It is the contention of appellant, as stated in his brief, that “the deposit agreement, and the deed accompanying it, were testamentary in character, there being no delivery during the lifetime of the grantor.” The first claim made by appellant is that the evidence shows that it was not the intention of the testatrix to pass title to the property purported to be conveyed by the deed, during her lifetime, because until her death she exercised actual ownership over the property, paid the taxes, made repairs and treated the property as her'own. It is a complete answer to this argument to say that both the deed and the deposit agreement show clearly that it was the intention of the grantor in the deed to convey only a future estate — an estate of which the grantee was to come into possession and enjoyment only upon the death of the grantor. It is true that the delivery of a deed is essential to its operation, and if it were shown that the deed in question was not intended to operate at the time it was executed but only upon the grantor’s death it would be void. (Weigand v. Rutschke, 253 Ill. 260; Oswald v. Caldwell, 225 id. 224.) But where a deed has been actually delivered, as is the case here, though it states on its face that it is not to take effect until after the grantor’s death, it is not subject to the objection that it is a testamentary disposition of the property but it will be sustained as a present grant of a future estate; (Oard v. Dolan, 320 Ill. 371; Hathaway v. Cook, 258 id. 92; Noble v. Fickes, 230 id. 594; Shackelton v. Sebree, 86 id. 616;) and in such case the fact that the grantor retains possession and control of and exercises acts of ownership over the property dur*475ing his or her lifetime does not show that the deed was not delivered. (Potter v. Barringer, 236 Ill. 224.) When a grantor makes a deed and delivers it to a third person, to be delivered to the grantee upon the death of the grantor, and the grantor surrenders all control and dominion over the deed and retains no right to reclaim it, such act constitutes a complete and valid delivery, and the deed takes effect not at the death of the grantor but immediately upon being delivered to the third person. Bullard v. Sucdmcier, 291 Ill. 400; Moore v. Downing, 289 id. 612; Hudson v. Hudson, 287 id. 286.

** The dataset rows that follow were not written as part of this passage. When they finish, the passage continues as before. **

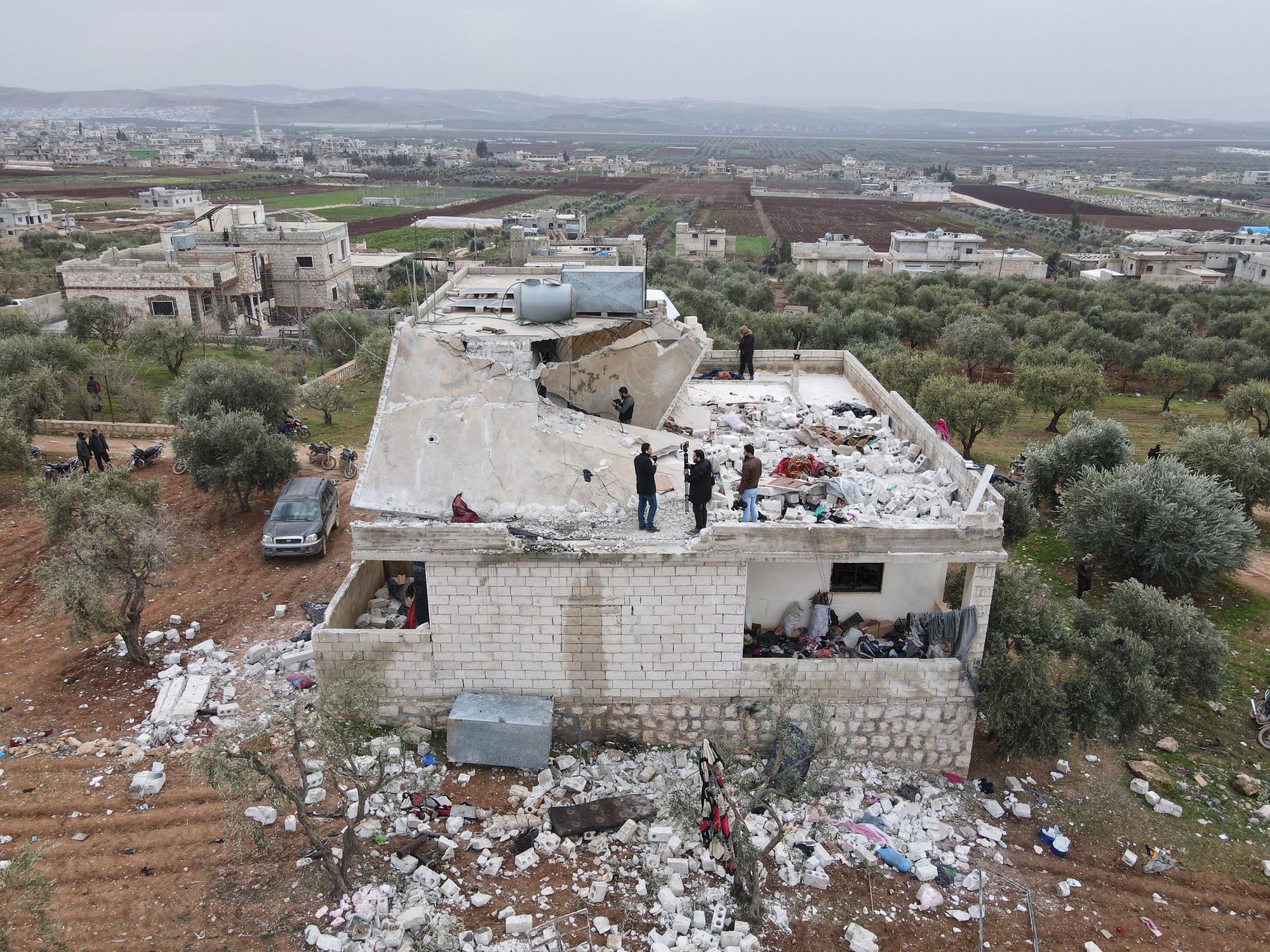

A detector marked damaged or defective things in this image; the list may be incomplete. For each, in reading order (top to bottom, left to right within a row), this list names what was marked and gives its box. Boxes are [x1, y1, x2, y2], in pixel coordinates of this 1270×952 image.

damaged parapet wall [541, 319, 711, 426]
damaged building [315, 261, 1001, 777]
damaged parapet wall [312, 526, 996, 777]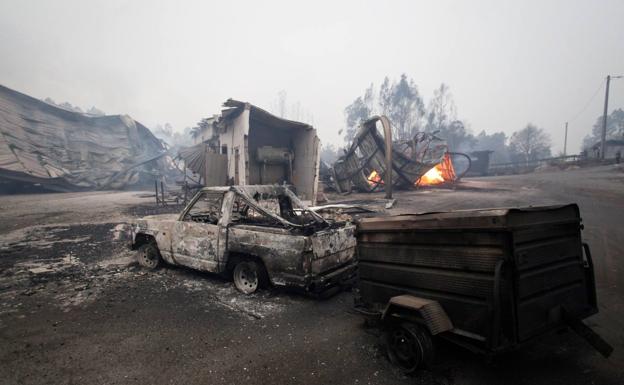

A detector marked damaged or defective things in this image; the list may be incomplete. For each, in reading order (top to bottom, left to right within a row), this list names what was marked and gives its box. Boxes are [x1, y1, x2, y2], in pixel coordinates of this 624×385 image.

crumpled metal structure [0, 85, 168, 190]
charred wheel rim [140, 244, 158, 268]
burned pickup truck [128, 184, 356, 292]
charred wheel rim [234, 262, 258, 292]
charred wheel rim [388, 322, 426, 370]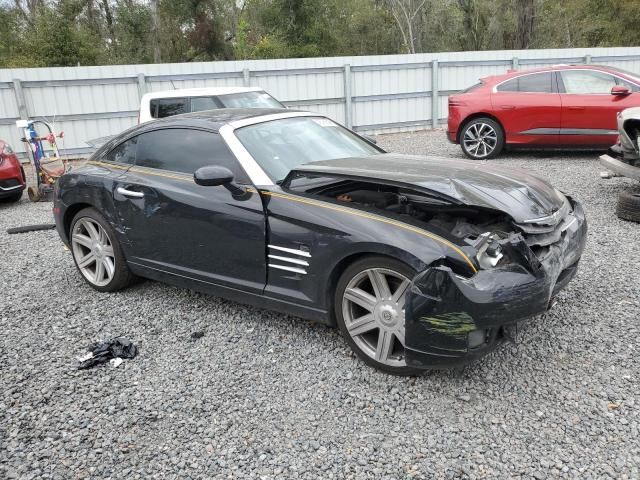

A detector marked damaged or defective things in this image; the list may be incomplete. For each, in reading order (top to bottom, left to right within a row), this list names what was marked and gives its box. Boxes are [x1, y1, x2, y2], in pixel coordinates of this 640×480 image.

crumpled hood [288, 154, 564, 223]
damaged front end [404, 198, 584, 368]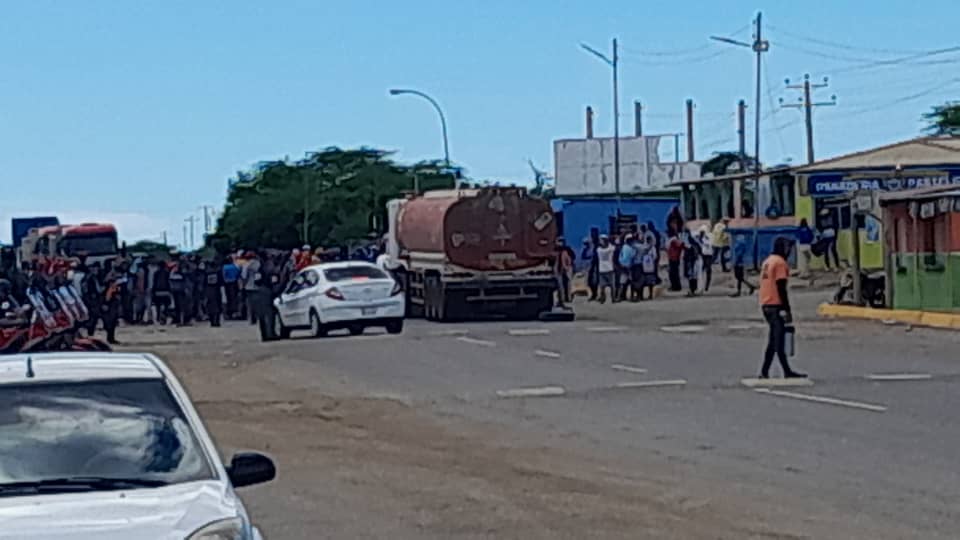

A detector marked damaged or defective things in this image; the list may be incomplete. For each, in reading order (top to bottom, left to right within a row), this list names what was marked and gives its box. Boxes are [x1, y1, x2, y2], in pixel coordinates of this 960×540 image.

rusty tank [396, 190, 560, 274]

Appellant contends that the wording of the deposit agreement that the deed was “deposited for safekeeping” and that “delivery of said deed to be made only upon the deposit with the said bank of a certified copy of the certificate of death of the undersigned, Mary J. Osgood,” indicates that the grantor did not intend to make delivery of the deed when she surrendered it to the bank. When all of the language of the deposit agreement is considered it is found to be inconsistent with the idea that the grantor reserved the right to regain the possession and control of the deed after she deposited it at the bank, and this contention cannot be sustained. Furthermore, the deed in this case was in the nature of a voluntary settlement and the grantor retained a life estate, and the presumption, therefore, is in'favor of delivery. Weigand v. Rutschke, supra; Fluke v. Crane, 262 Ill. 347; Johnson v. Fleming, 301 id. 139; Whipple v. Carrico, 305 id. 164.

The circuit court did not err in finding that the deed from Mrs. Osgood to appellee, Marie Osgood McKee, was delivered in the lifetime of the grantor and in dismissing appellant’s bill for want of equity.

The decree of the circuit court is affirmed.

Decree affirmed.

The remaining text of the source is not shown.